Given information —

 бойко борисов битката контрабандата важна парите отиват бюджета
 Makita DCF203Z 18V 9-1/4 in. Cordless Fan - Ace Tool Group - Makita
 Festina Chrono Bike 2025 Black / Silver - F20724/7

Work task — All of the material above should be repeated exactly.

Exercise solution —
 бойко борисов битката контрабандата важна парите отиват бюджета
 Makita DCF203Z 18V 9-1/4 in. Cordless Fan - Ace Tool Group - Makita
 Festina Chrono Bike 2025 Black / Silver - F20724/7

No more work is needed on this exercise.